▶ [TASK GOAL] The following data has a line with "None Handcrafted Black" and a line with "Bella Dahl Lightweight". Write out exactly those lines and all the lines between them.

[Stored items from a collection]
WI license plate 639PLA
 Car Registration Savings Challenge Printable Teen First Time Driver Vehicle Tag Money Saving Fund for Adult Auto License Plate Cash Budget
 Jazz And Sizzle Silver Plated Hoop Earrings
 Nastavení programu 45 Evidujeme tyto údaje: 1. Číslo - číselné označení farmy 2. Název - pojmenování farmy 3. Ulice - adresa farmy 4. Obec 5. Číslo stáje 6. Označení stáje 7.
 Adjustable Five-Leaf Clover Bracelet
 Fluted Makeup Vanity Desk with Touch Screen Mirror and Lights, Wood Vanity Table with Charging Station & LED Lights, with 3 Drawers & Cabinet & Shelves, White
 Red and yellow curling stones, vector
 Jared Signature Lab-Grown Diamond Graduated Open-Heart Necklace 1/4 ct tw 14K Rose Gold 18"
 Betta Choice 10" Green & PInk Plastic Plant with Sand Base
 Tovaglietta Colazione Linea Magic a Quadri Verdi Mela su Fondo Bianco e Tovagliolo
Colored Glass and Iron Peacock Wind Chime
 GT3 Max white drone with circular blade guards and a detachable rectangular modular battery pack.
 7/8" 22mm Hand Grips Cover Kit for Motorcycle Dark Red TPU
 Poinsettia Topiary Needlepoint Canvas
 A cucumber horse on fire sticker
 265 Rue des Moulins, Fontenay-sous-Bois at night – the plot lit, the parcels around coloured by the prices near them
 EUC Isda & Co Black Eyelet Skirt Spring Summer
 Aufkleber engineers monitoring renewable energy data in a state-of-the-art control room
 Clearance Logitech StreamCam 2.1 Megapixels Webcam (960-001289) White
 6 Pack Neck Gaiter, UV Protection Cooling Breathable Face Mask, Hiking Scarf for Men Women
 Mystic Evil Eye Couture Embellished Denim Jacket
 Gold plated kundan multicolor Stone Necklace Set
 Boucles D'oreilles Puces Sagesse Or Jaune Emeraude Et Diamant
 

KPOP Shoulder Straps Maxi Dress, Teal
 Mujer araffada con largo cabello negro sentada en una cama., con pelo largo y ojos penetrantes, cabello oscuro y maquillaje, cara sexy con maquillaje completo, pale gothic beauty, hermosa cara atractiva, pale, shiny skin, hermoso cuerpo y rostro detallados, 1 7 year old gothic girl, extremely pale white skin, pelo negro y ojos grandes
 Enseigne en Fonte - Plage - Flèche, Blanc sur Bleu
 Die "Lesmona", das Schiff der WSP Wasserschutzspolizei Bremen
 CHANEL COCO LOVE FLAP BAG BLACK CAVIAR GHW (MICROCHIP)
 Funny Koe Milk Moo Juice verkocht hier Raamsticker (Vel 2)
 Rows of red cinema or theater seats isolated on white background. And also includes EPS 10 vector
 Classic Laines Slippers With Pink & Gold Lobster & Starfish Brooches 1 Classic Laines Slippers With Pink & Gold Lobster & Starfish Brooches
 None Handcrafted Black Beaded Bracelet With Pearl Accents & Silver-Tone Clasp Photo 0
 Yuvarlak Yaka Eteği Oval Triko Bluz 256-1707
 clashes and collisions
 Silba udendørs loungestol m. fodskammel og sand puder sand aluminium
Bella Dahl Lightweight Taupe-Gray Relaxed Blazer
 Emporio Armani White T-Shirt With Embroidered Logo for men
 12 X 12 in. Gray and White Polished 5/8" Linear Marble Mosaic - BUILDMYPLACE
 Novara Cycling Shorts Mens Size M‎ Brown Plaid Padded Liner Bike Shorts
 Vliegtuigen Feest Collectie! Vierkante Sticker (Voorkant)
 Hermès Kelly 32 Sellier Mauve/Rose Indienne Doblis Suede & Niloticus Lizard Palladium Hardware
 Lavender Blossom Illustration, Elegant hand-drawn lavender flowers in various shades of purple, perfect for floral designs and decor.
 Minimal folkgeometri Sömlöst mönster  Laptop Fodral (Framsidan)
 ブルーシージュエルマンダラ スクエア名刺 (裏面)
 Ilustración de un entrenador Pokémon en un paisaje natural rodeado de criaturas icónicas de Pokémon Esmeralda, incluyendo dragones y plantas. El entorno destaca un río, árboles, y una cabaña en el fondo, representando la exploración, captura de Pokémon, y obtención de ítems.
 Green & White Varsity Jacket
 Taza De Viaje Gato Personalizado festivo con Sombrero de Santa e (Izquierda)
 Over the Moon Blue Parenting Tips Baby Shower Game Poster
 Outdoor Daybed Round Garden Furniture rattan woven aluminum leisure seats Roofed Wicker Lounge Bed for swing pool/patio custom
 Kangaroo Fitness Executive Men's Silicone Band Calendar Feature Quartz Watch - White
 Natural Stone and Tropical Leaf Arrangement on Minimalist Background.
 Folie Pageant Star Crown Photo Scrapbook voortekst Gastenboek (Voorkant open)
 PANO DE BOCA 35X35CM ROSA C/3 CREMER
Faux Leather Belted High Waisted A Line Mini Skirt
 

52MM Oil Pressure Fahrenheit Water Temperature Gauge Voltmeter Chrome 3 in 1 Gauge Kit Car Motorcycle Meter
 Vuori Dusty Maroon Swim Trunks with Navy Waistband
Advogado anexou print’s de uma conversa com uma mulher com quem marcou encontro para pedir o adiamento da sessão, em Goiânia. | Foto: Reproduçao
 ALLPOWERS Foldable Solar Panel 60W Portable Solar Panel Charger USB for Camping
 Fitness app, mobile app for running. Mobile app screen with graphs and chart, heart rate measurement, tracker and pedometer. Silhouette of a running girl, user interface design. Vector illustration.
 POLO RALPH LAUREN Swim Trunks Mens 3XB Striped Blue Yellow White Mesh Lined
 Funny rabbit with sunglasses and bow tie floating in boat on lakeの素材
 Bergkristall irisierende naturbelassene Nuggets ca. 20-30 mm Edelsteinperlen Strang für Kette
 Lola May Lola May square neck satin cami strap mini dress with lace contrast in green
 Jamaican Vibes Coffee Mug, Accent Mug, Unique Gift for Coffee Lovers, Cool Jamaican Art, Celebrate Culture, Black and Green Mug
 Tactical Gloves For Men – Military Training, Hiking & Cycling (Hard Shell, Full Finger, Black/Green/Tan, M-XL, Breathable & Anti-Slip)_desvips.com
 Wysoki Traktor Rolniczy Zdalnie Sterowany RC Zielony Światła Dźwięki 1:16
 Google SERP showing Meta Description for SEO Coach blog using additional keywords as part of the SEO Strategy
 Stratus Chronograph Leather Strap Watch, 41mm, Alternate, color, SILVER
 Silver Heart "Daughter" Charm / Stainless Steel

▶ [ANSWER SECTION]
 None Handcrafted Black Beaded Bracelet With Pearl Accents & Silver-Tone Clasp Photo 0
 Yuvarlak Yaka Eteği Oval Triko Bluz 256-1707
 clashes and collisions
 Silba udendørs loungestol m. fodskammel og sand puder sand aluminium
Bella Dahl Lightweight Taupe-Gray Relaxed Blazer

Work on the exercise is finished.